When evaluating the cost of security awareness training solutions—which run in the hundreds of thousands for even influential organizations—it’s critical to balance that cost with the potential return on investment. Information security, believe it or not, is a revenue and not a cost center. 

That may be a shocking and controversial statement. But it’s true! Even though an information security office does not actively generate revenue (depending on the industry and organization), it can facilitate revenue in other parts of the organization. 

Security awareness training—and other security infrastructure—can promote Avant Garde’s implementation of different technologies. Good information security should enhance and reinforce cutting-edge technologies, resulting in improved operational efficiency, better data modeling, and enhanced analytics, to name a few use cases. Good information security practices mean you can do more with what you have and approach new problems or business use cases with a potentially lower initial investment, staff utilization through client-based assessments, and significantly lower insurance costs.
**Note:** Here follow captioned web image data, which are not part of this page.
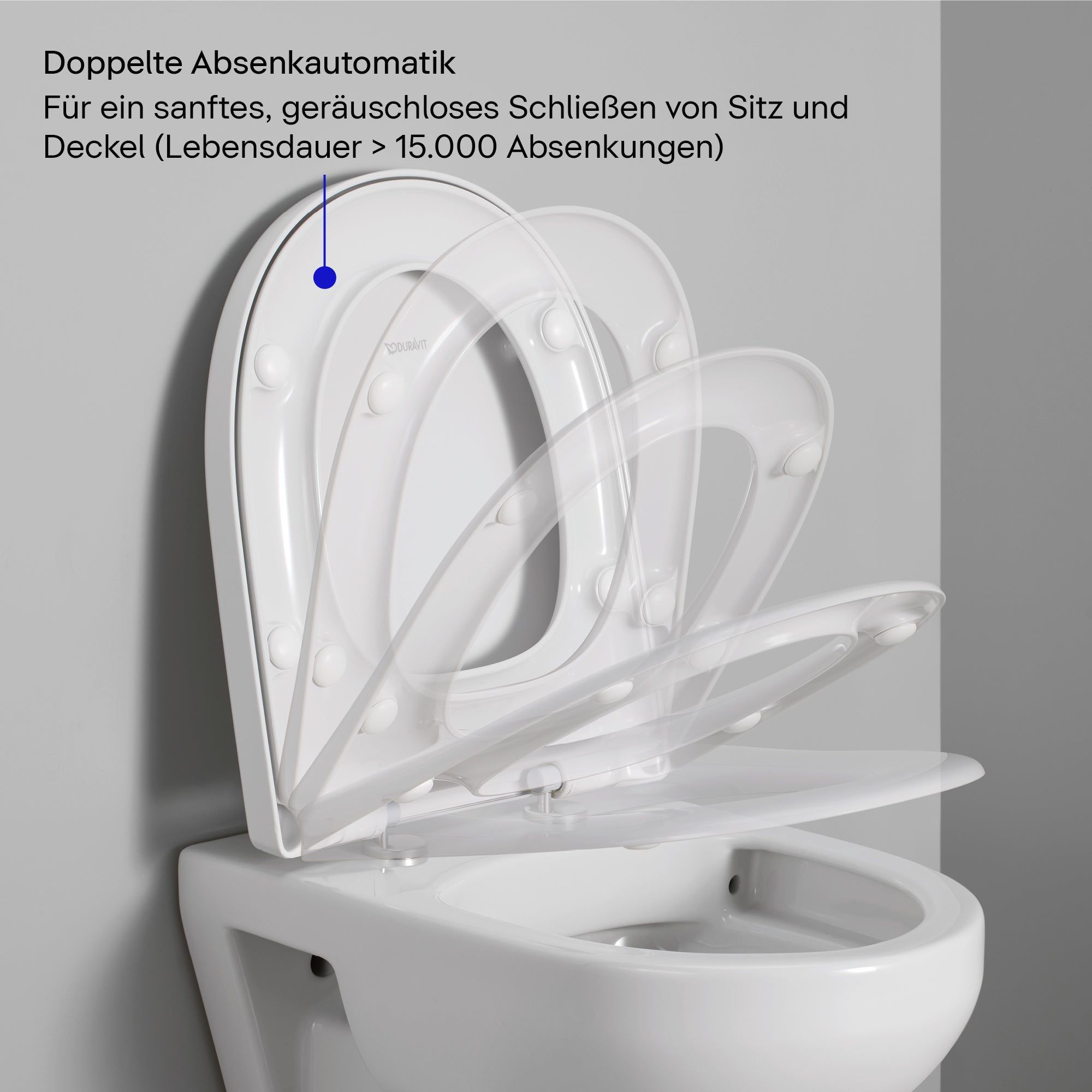 Siège de WC Duravit Univavo Universal avec abaissement automatique, ovale
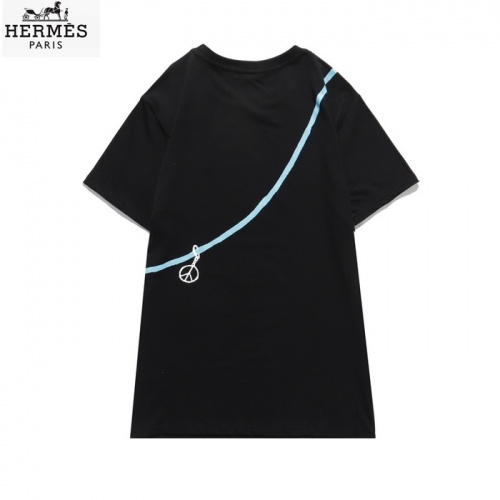 Replica Hermes T-Shirts Short Sleeved For Men #830249 $27.00 USD for Wholesale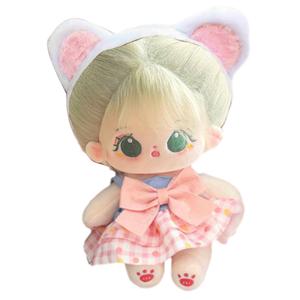 Плюшевая кукла Maru Vegetable Dolls высотой 20 см Dolls and bears dance, розовый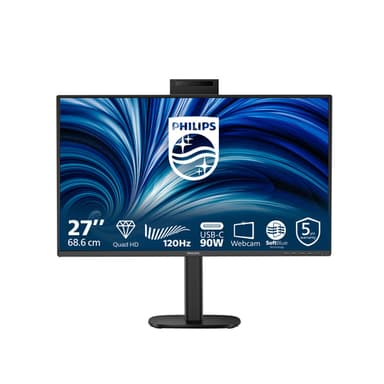 Philips 3000 series 27B2U3601H/00 computer monitor 68.6 cm (27") 2560 x 1440 pixels Quad HD LCD Black view 1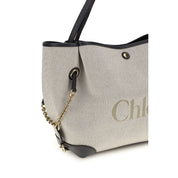 Gray Cotton Shoulder Bag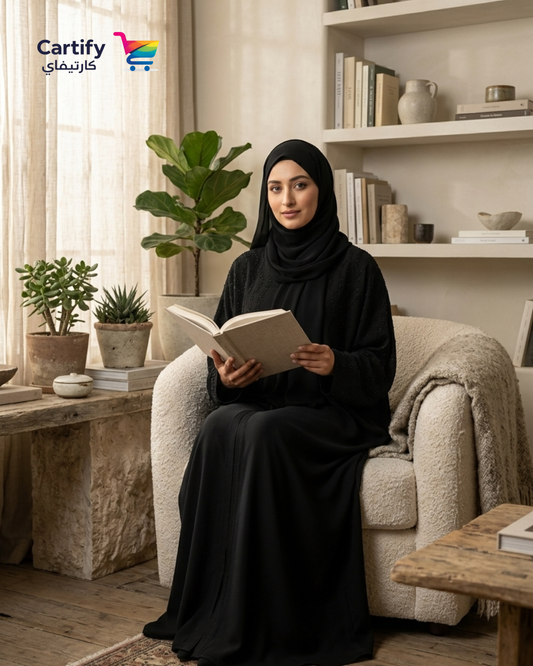 Noor Al Layl Abaya - Black
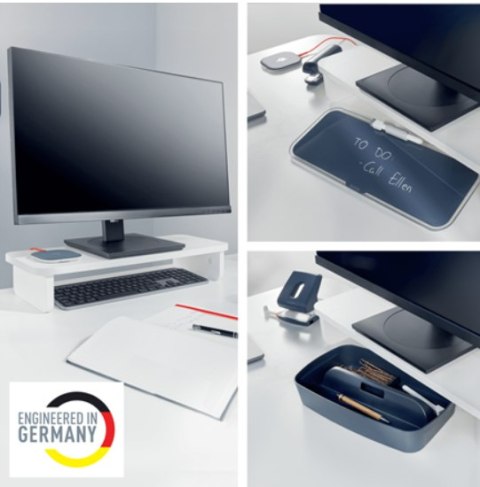 LEITZ LEITZ Podstawka pod monitor Leitz Ergo, biała LEITZ LEITZ Podstawka pod monitor Leitz Ergo, biała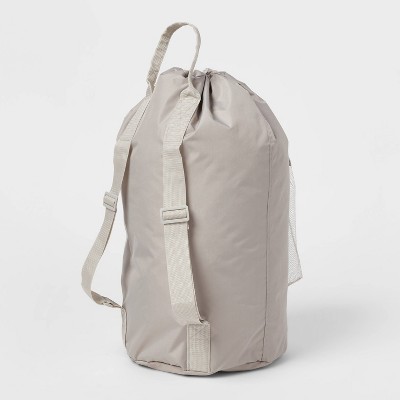 Backpack Laundry Bag Textured Gray - Brightroom&#8482;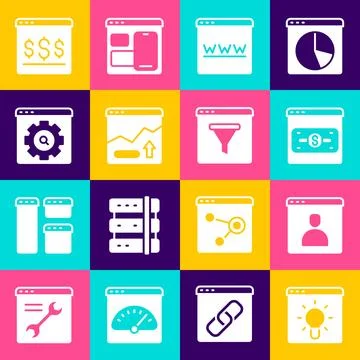 Set Browser window, Create account screen, Online shopping on, Financial gr.. Illustrazione stock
Good information security practices are generated through a security awareness and safety culture. Core to that is a solid and robust security awareness program.


Security awareness is a core component of a solid information security posture. A lack of security awareness can completely undermine your investment in information security. Conversely, security awareness can promote your assets by making them more effective. That effectiveness is driven by the promotion of a culture of security. In turn, that culture of security will benefit your clients and ease your burdens in responding to your client’s information security evaluations and cyber insurance. In short, good security awareness saves money and may result in a significant return on investment.